_Provided entries_:

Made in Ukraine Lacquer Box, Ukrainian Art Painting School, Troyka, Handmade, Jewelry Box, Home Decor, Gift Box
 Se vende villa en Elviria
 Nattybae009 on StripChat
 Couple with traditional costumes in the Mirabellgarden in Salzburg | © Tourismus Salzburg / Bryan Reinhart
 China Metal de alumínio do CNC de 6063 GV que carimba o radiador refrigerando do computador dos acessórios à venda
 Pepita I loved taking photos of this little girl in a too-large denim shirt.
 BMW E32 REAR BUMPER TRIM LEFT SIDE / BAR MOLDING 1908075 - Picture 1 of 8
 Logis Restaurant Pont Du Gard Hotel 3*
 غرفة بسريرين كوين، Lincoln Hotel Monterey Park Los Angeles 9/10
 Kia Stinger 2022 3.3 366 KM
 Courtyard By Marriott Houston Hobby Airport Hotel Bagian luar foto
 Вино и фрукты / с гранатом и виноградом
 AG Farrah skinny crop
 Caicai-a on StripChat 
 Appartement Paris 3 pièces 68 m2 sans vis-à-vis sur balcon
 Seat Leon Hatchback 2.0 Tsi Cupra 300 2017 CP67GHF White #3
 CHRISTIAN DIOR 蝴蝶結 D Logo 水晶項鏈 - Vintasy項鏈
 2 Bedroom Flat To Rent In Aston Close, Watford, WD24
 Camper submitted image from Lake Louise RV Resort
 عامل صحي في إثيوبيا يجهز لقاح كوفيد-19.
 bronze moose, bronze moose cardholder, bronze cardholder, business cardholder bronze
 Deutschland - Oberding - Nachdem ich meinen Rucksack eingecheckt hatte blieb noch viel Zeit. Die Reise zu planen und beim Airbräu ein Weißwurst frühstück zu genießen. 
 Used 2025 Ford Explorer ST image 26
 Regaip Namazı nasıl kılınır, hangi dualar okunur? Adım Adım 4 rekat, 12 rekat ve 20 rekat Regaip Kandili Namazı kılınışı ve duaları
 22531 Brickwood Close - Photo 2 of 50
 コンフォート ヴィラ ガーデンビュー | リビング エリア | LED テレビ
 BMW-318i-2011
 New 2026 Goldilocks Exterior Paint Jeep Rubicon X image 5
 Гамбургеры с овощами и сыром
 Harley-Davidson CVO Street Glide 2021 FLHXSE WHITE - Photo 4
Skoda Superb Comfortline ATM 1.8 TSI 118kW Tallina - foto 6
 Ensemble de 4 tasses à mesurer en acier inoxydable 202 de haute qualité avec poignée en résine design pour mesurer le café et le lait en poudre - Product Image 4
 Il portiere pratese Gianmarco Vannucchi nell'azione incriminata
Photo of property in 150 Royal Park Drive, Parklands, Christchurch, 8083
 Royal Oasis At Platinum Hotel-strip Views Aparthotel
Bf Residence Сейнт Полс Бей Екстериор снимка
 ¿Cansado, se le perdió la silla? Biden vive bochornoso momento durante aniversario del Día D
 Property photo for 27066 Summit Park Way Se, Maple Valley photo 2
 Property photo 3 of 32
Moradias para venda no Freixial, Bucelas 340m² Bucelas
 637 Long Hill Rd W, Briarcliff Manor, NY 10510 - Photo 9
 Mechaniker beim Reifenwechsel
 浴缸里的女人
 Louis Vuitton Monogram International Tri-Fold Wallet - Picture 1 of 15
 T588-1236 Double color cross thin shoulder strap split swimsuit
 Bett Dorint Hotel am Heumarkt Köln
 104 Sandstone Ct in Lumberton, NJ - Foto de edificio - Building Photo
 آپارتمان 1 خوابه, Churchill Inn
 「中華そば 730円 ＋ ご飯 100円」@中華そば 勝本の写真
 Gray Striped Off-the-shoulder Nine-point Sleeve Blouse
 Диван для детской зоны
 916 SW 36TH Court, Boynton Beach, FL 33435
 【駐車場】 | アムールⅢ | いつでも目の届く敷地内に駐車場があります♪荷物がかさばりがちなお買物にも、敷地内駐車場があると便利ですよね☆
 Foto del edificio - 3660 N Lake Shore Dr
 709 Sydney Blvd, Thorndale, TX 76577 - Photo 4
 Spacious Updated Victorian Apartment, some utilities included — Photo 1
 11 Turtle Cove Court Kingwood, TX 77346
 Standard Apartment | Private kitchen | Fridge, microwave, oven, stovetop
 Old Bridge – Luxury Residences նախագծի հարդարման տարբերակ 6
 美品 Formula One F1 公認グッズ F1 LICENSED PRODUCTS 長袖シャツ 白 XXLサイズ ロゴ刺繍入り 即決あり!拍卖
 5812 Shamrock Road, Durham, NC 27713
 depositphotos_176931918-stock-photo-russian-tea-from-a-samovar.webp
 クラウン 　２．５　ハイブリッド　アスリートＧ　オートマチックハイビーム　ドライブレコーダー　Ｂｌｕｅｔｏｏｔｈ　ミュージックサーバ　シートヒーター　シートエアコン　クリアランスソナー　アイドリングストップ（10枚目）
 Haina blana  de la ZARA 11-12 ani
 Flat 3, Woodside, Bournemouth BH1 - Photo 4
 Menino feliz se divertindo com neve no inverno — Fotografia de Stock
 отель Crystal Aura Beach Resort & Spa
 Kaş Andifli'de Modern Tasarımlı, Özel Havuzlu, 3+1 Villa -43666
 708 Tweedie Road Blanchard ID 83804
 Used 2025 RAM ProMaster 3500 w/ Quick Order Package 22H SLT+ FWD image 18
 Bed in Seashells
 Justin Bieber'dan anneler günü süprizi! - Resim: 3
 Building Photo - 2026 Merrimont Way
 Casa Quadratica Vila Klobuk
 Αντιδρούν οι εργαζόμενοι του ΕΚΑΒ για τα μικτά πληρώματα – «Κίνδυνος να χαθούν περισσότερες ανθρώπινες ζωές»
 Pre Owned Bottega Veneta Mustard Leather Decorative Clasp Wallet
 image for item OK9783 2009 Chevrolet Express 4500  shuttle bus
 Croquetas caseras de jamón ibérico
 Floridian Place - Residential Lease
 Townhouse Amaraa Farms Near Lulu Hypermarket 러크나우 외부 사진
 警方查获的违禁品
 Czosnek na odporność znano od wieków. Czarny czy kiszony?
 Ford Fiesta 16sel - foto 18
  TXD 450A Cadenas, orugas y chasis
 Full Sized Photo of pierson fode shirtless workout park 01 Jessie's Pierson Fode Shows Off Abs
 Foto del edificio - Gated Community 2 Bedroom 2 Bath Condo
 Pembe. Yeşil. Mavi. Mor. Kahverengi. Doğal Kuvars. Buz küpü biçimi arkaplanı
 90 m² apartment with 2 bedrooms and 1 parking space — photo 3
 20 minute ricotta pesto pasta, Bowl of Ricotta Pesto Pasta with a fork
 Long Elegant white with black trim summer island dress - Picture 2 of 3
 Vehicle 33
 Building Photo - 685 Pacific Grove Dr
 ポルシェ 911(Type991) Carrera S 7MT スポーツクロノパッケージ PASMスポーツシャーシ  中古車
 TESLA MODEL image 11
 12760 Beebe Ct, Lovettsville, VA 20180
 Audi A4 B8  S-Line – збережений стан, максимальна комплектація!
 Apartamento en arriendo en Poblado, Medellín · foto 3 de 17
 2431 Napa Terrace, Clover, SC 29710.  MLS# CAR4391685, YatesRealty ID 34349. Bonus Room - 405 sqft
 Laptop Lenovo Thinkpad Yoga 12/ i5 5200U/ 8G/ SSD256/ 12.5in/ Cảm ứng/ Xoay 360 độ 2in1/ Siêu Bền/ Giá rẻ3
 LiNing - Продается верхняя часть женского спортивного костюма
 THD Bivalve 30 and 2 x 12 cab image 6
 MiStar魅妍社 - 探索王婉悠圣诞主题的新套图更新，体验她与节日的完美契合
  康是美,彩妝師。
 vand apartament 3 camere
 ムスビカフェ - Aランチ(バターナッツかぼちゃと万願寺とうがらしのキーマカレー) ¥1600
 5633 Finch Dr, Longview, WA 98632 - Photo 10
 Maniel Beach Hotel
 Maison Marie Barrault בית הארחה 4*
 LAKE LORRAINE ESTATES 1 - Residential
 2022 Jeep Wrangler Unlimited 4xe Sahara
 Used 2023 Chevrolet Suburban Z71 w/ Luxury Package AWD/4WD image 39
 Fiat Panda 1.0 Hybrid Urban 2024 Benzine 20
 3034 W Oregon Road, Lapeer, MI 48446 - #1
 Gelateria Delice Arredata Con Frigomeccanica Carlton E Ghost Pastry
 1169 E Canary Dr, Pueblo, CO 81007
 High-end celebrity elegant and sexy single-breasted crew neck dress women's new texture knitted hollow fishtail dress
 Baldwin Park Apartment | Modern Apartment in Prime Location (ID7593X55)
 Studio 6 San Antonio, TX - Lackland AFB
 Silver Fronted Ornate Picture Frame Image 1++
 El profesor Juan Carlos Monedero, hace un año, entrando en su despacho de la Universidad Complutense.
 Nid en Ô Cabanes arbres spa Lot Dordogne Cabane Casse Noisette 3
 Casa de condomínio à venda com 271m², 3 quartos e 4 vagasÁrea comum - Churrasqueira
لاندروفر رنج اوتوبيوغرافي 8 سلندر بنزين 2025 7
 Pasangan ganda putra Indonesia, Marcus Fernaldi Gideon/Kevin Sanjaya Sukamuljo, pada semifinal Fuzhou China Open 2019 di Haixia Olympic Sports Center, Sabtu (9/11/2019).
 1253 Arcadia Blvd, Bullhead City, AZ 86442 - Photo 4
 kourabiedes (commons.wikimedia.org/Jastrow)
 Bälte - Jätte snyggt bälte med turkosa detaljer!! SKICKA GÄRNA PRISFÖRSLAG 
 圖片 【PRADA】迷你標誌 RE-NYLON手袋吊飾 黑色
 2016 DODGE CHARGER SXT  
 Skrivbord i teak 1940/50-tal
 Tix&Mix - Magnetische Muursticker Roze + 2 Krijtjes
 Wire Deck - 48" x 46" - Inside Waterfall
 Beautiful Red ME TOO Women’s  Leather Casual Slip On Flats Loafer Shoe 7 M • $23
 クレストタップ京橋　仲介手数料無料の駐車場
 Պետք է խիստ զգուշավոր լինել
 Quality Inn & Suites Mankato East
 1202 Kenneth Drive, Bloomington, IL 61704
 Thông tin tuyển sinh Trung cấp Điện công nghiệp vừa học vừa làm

_Problem to work on_: Nothing but a number is asked for: how many lines of the records contain the word "Package"?

_Answer below_: 2